The latest untoward event in the U.S. military expedition in Afghanistan is horrifying any way you look at it. A U.S. Army staff sergeant walked off his base Sunday and, going door-to-door in nearby villages, shot to death at least 16 civilians, including nine children, subsequently setting some of the bodies afire. We Americans can be confident that whatever sort of derangement accounts for this act does not reflect official policy or orders, and that, as our leaders like to reassure others, the action is not representative of the large majority of American military personnel serving in Afghanistan. But what we can be confident of is not necessarily what matters most.

The history of the U.S. military involvement in Afghanistan and of similar expeditions elsewhere—including the Iraq War, punctuated by the abuses at Abu Ghraib—demonstrates two realities about such incidents. One is that in any wars as long and large as these two, such incidents are bound to happen. Their occurrence is a function of having many thousands of men and women in uniform sent to a foreign land to perform the mission, the inability to subject all of them to constant supervision, and the statistical likelihood of aberrant behavior stemming from the weaknesses of any assemblage of people that large as well as from the extra unusual stresses of warfare. Incidents will occur despite reasonable efforts of the command to exert discipline and to prevent them from occurring. The inevitability of their occurrence is part of why we have a military justice system.

The other reality is that many foreigners will interpret the incidents differently from the way we do. They will interpret them as more willful, and more representative of Americans or of what the United States is trying to do, than is the case. The United States suffers from its own power by being the target of assumptions that it always can do whatever it wants to do and can prevent whatever it does not want to happen. No amount of explanations, apologies, or reassurances from U.S. leaders will dispel such perceptions.

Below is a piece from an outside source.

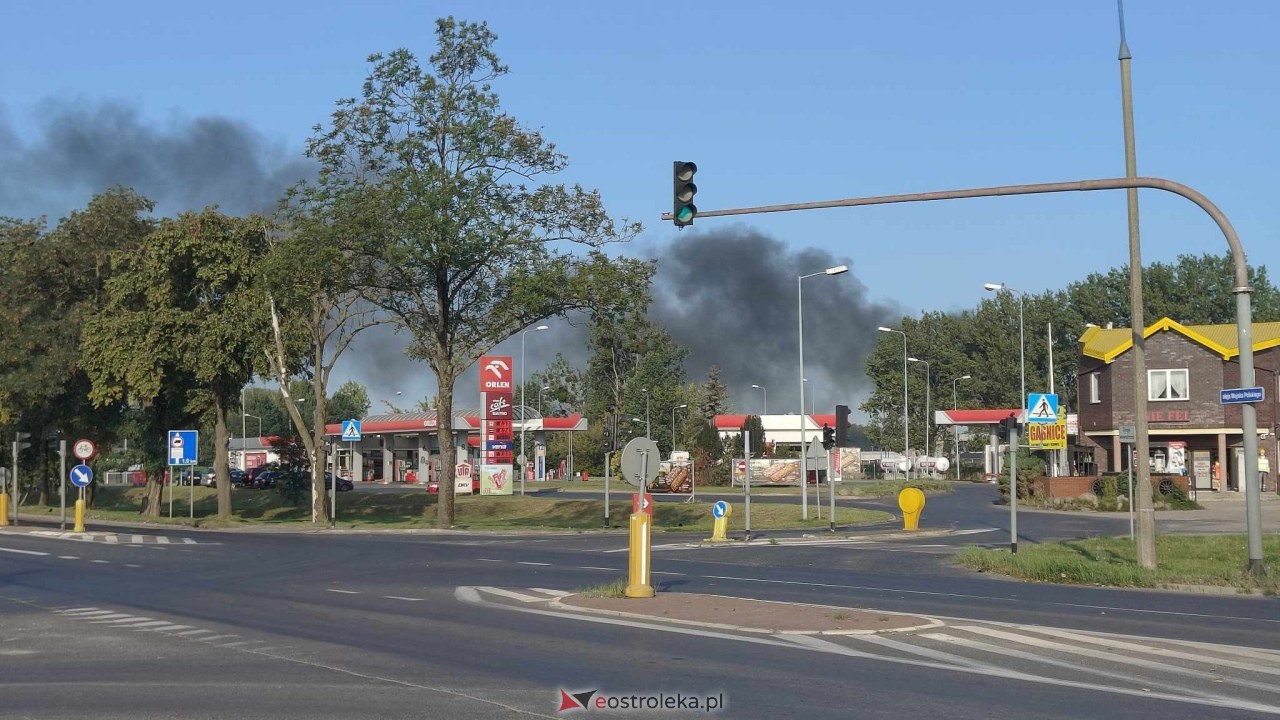Czarny dym nad Ostrołęką [27.08.2024] - zdjęcie #3 - eOstroleka.pl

The latest incident is one of several that, along with the unpopularity of some of the NATO forces' tactics and the sheer length of those forces' presence in Afghanistan, has made the Western military presence progressively less welcome in that country. The negative Afghan sentiments involved have made it more difficult and dangerous for NATO personnel to do their jobs, as highlighted by the growing number of murders of those personnel by Afghans they are supposed to support and advise. It remains to be seen if reaction to Sunday's shooting spree will be anything like the Afghan response last month to the burning of Korans. If it turns out that the accidental burning of a religious book elicits more anger than the massacre of more than a dozen innocent villagers, it will be one more demonstration that we and the Afghans operate on different wavelengths.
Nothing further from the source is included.